With the demand for welders in Alberta now in rapid decline, it means that an increasing percentage of Alberta trained journeymen and journeywomen welders will now be competing with welders from the rest of Canada for jobs outside of their home province. As such, job portability is going to be a key issue, says Campbell.

“In the historic absence of a national program, Federal initiatives such as Canada’s Red Seal Welder have been developed to attempt to bridge cross-provincial job portability and skills recognition, at least at the journeyperson level. As good as this is, the program only defines what needs to be implemented, but not what is actually implemented. This once again leaves it up to the provinces to figure out what training content is used and how welders are tested, and as a result what they need to “police” within their own borders with respect to who can work there.”

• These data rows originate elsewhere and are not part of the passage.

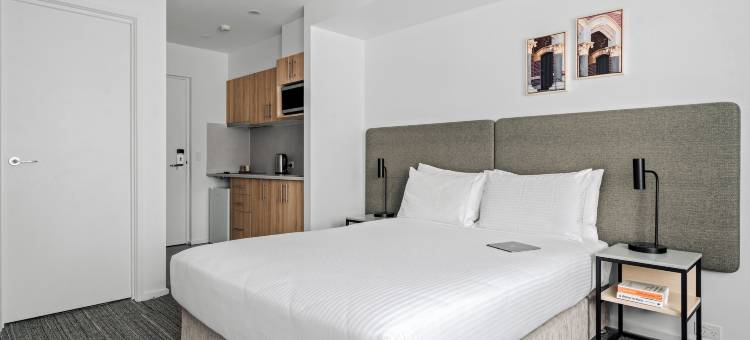 摩尼山谷探索酒店(Quest Moonee Valley)图片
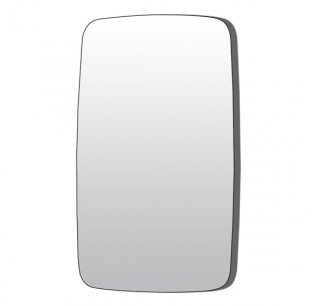 Chrome West Coast Step Van Mirror Heads - Durable and Stylish Replacement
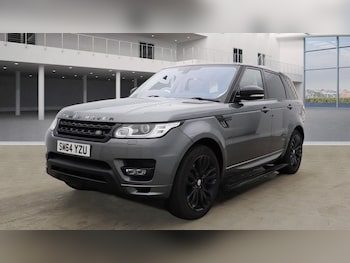 Used Land Rover Range Rover Sport 2015 for sale - 76400439: Photo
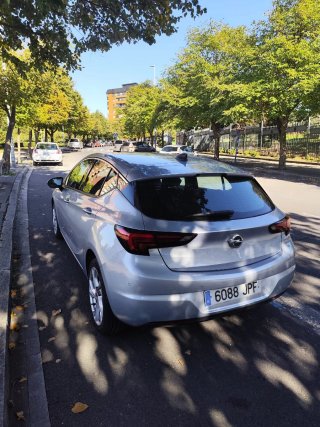Opel Astra J 2016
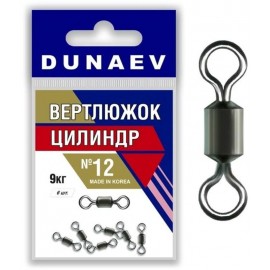 Вертлюжок цилиндр DUNAEV #12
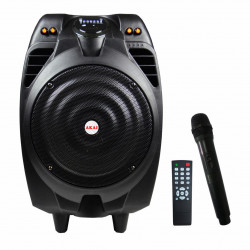 Boxa portabila Akai SS023A-X10, Negru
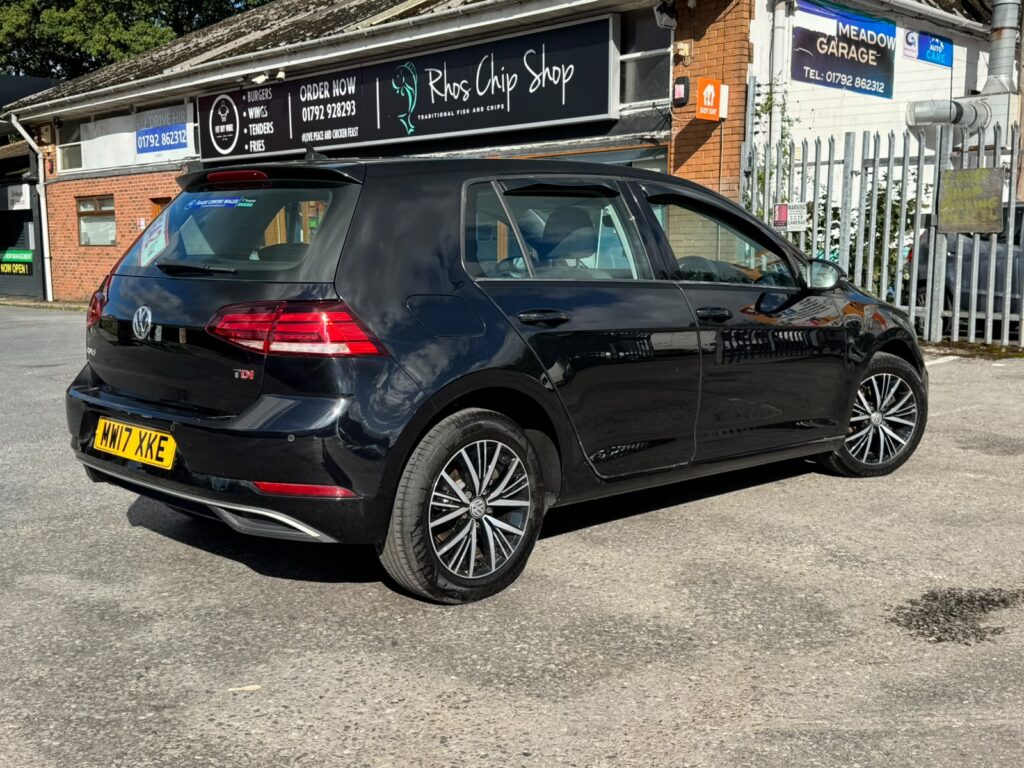 Volkswagen Golf 1.6 2017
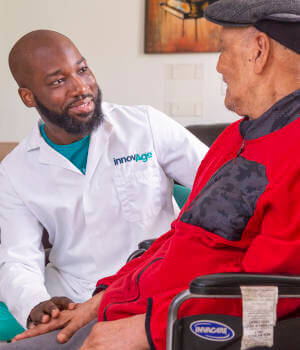 senior caregiving aging 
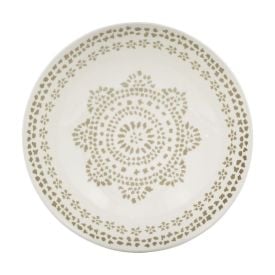 Prato Fundo Havan Casa Maya 20,5Cm - Cerâmica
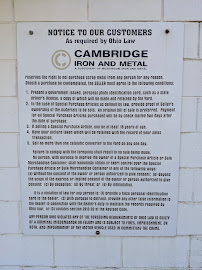 Cambridge Iron & Metal012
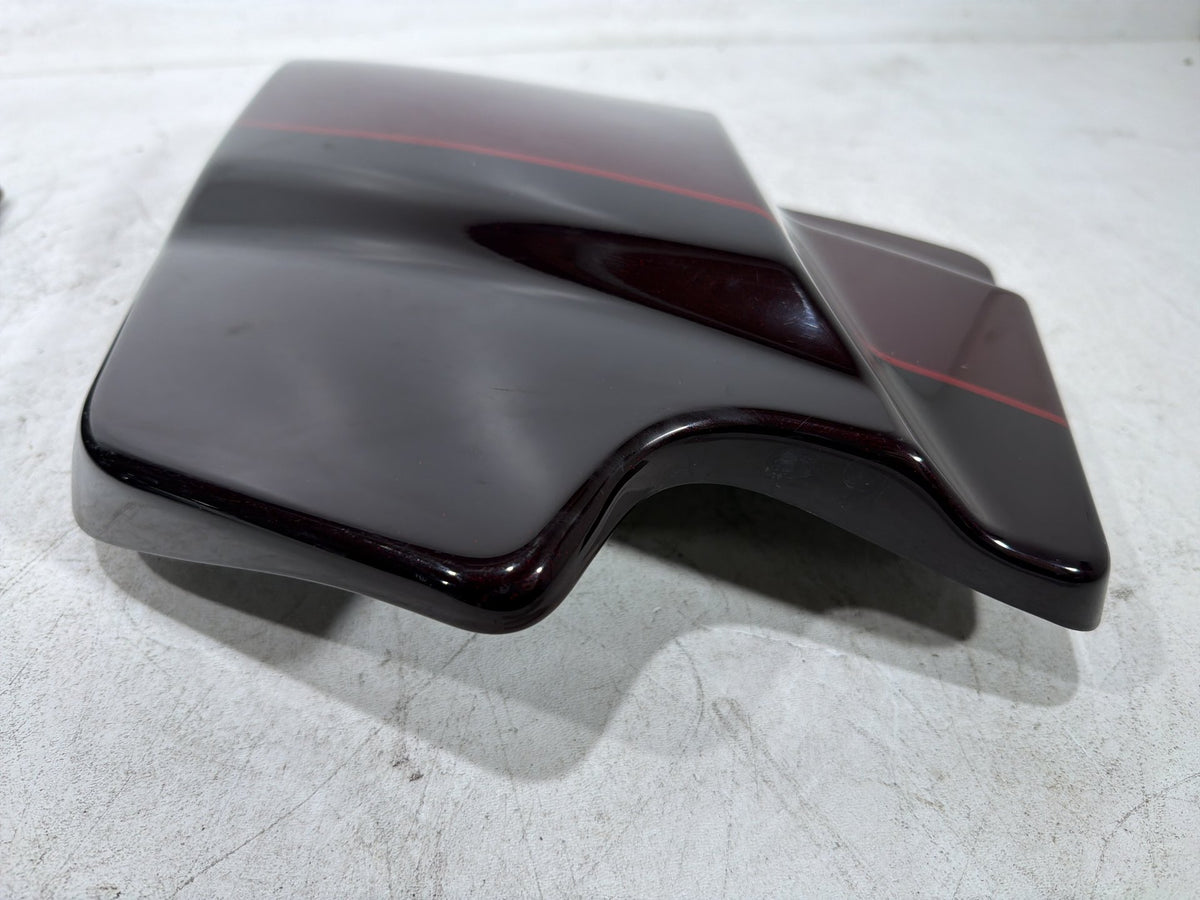 2015 Harley Electra Glide Touring Ultra OEM Left Right Side Fairing Cover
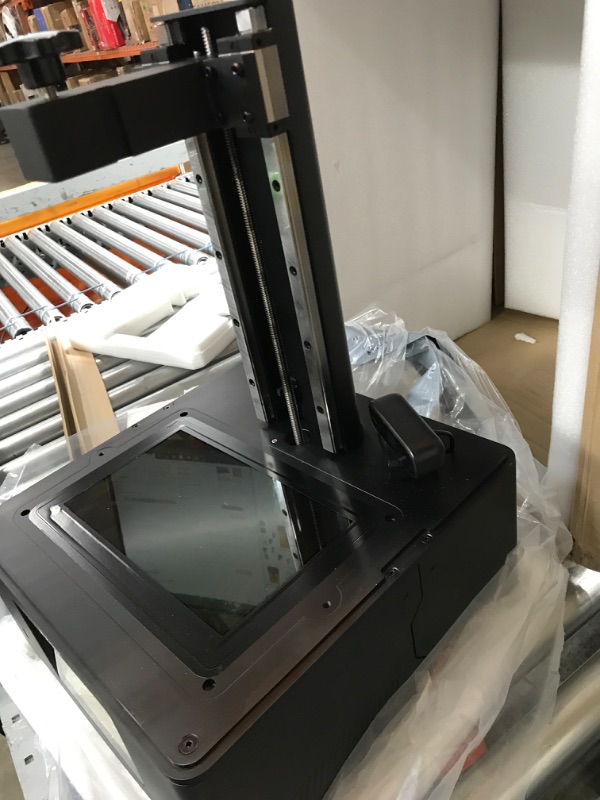 Photo 2 of Phrozen Sonic Mighty 8K LCD Resin 3D Printer, Monochrome/Mono LCD Screen, Mass-Produce 3D Printed Models with Ultra-high 8K Resolution, L21.8 x W12.3 x H23.5 Printing Volume
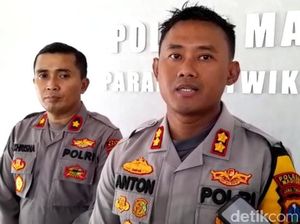 Dua Polisi Asal Madiun dan Surabaya Ditangkap Edarkan Sabu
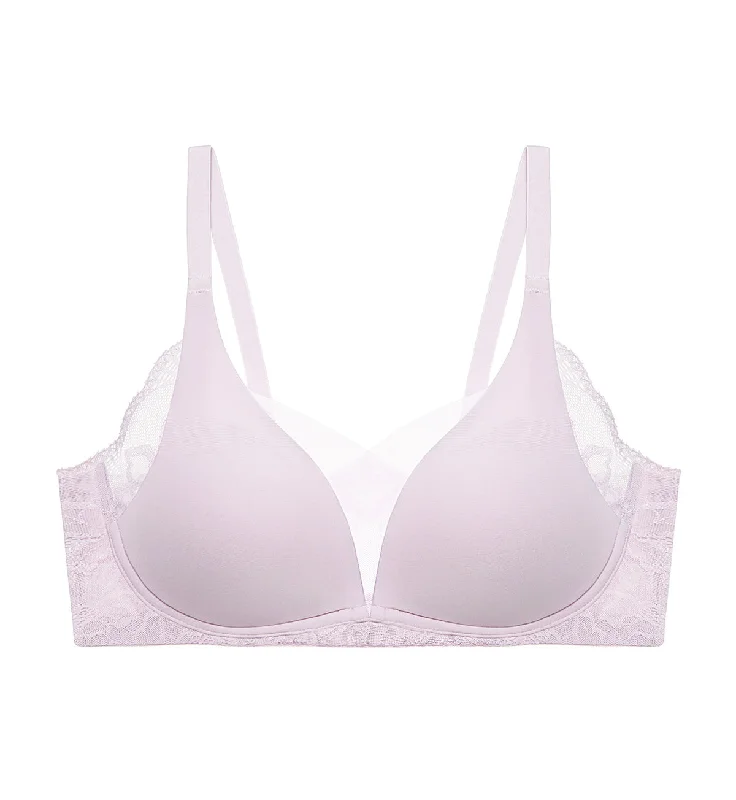 SHAPE SMART NON-WIRED PADDED BRA Ultra-Light Bra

For example, according to the Government of Alberta’s Apprenticeship and Industry Training, welders from other provinces and territories can work in Alberta only if they hold a certificate or license recognized by the government, such as an Alberta Certificate of Completion of Apprenticeship, the Alberta Certificate of Proficiency, the Alberta Journeyman Certificate,
and the Alberta Qualification Certificate. So, if you’re a welder from Ontario with an Ontario Certificate of Apprenticeship, it may not be recognized as a certificate at a journeyperson level, and would be subject to a prior learning assessment to
obtain official placement.

Campbell says that currently, welders who want to work outside their own province are encouraged to challenge their Red Seal and qualify for appropriate nationally recognized trades tickets (ASME, CWB, etc.). “Before seeking employment outsidetheir home province they should talk directly with industry and provincial regulators to understand the requirements under which they may be required to work.”